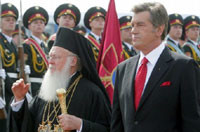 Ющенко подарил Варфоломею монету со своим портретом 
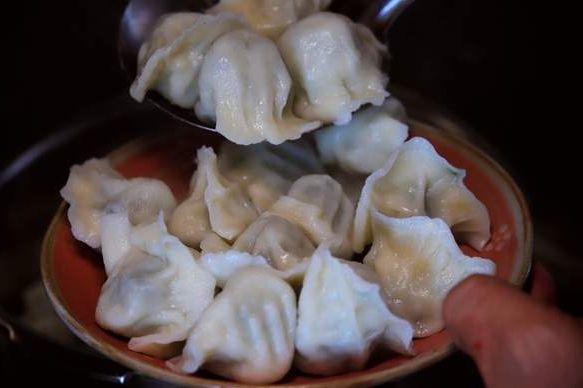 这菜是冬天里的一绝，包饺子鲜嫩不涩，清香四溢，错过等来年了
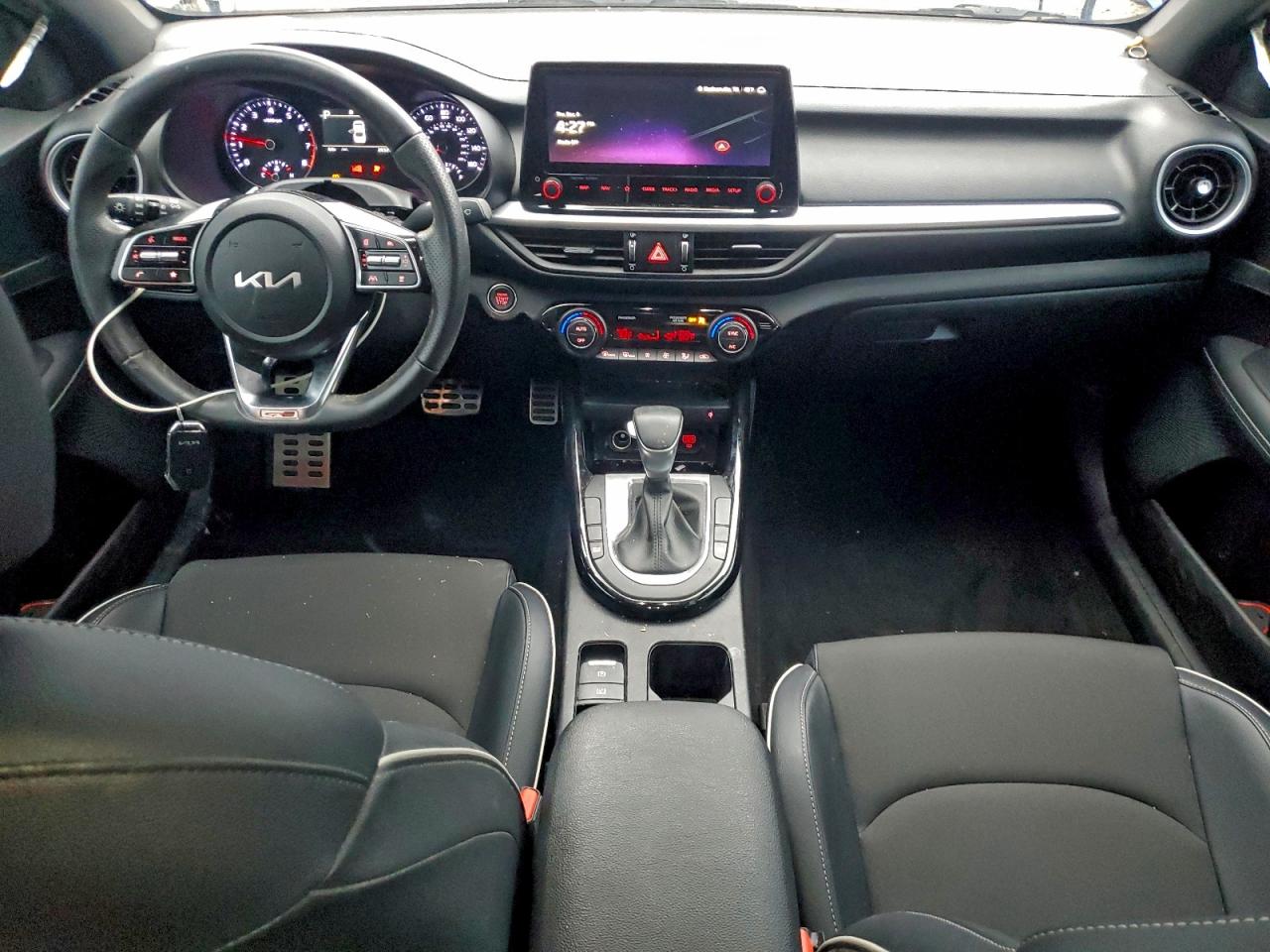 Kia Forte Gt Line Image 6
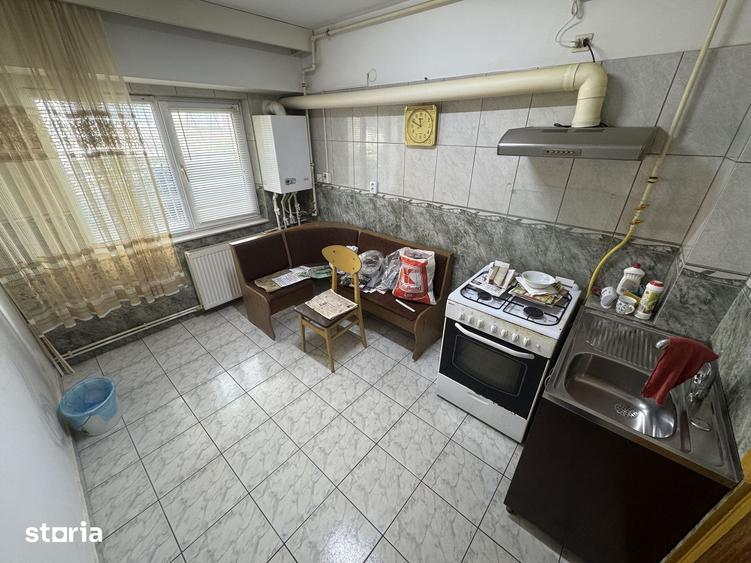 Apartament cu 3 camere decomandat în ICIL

▶ **HOW TO COMPLETE THIS TASK**: Each line from the line containing "Kia Forte Gt Line Image 6" through the final line of the data above must be retyped exactly; nothing else, and no pictures, may appear.

▶ **ANSWER TO THIS EXERCISE**:
 Kia Forte Gt Line Image 6
 Apartament cu 3 camere decomandat în ICIL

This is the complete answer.